While Family A was enjoying the dividends accrued at 321 from privilege, money, and power, Family B was building up their local neighborhood school. Do Family B’s sweat equity and financial contributions, in the “calculus” of political correctness and “doing the right thing”, somehow balance out their not choosing Unisons for their child? Or should we nonetheless indict Family B for “selling out” on some idealized progressive vision for our schools and the choices that we think parents should unilaterally make in the name of the greater good? And if so, what then of Family A? What is their “culpability”? Should they have returned to D13 after PS 321 in order to “do the right thing” an help integrate Unisons?


Of course, this all isn’t really about AP Piller, a dedicated educator here in our district, or her thoughtful piece in Vox. This isn’t about our “fictional” families or the families you and I might know that are a lot like them.

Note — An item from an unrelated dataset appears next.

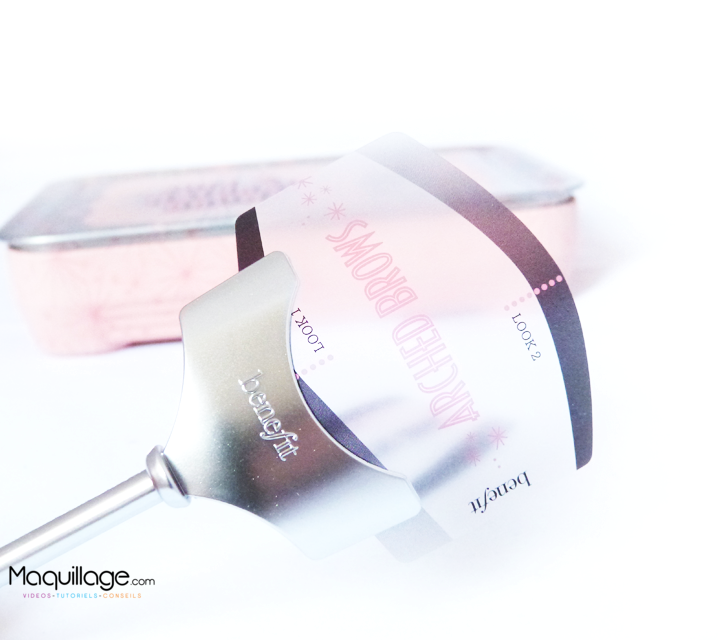 Nouvelle collection sourcils Benefit : le kit Soft & Natural brows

What this is all really about is living our publicly espoused values in our own lives and with our own children’s futures. It’s one thing for a white parent to stand up at a “town hall” and decry the segregation and demand changes. It’s quite another for that same parent to send her child to a majority-minority school.

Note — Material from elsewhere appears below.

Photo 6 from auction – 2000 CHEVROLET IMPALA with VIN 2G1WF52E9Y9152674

This is also about this constant “calculus”, as I call it above, that permeates how Brooklyn parents size up each other, day by day, interaction to interaction. Here in Brooklyn, we like judging others and their choices almost almost as much as we do fresh cheese from the co-op and sledding the hills of Prospect Park in the winter. The progressive purity test of our neighbors is one we never opt-out of.

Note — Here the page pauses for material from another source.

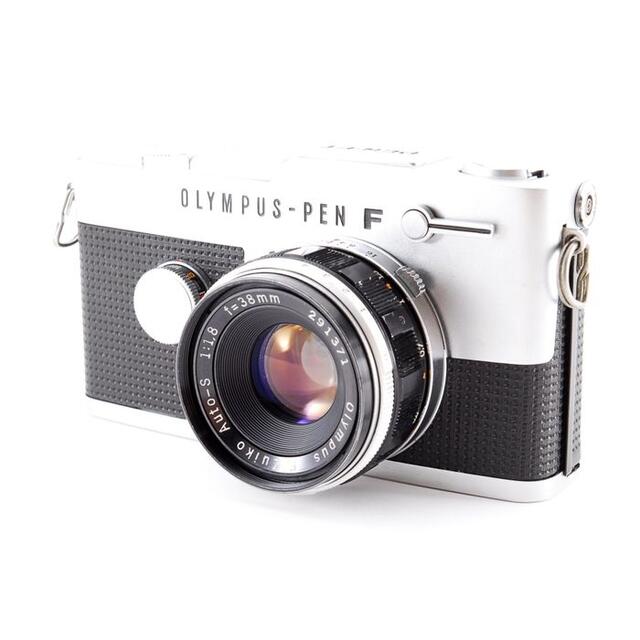OLYMPUS - #3094☆分解整備品です♪☆ OLYMPUS PEN FT 38mm F1.8の通販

I hope we can get a discussion going about how the different scenarios and dynamics are playing out in our schools, especially in district 13 and 15 middle schools, and crucially between the districts instead of looking at them as islands. Ultimately the patterns of school choice we see are the aggregate of lots of individual choices which after time form well-trodden paths. I think many of us want the same thing – schools with strong academics that foster character growth and social-emotional welfare within the context of diverse, integrated settings that draw on the melting pot of Brooklyn.

But how do we get there? Can we maintain a full choice model and integrate our schools at the same time? Should we focus on “quality” first? What does quality even mean? What does it mean to implement controlled choice models that purportedly will not constrain choice? How do we implement policies that encourage more students to stick around in districts like 13 for middle rather than policies that end up only driving more families away?

Have the districts outlived their usefulness and appropriateness as constraints of middle school choice, especially considering the arbitrary nature of many district lines in the context of Brooklyn in 2016?

Much of the DOE integration policy seems to assume voluntary integration by families like “A” and “B” above – is that realistic? Can integration happen without removing some form of choice?

How do we do the right thing, for both our own kids and the community at large?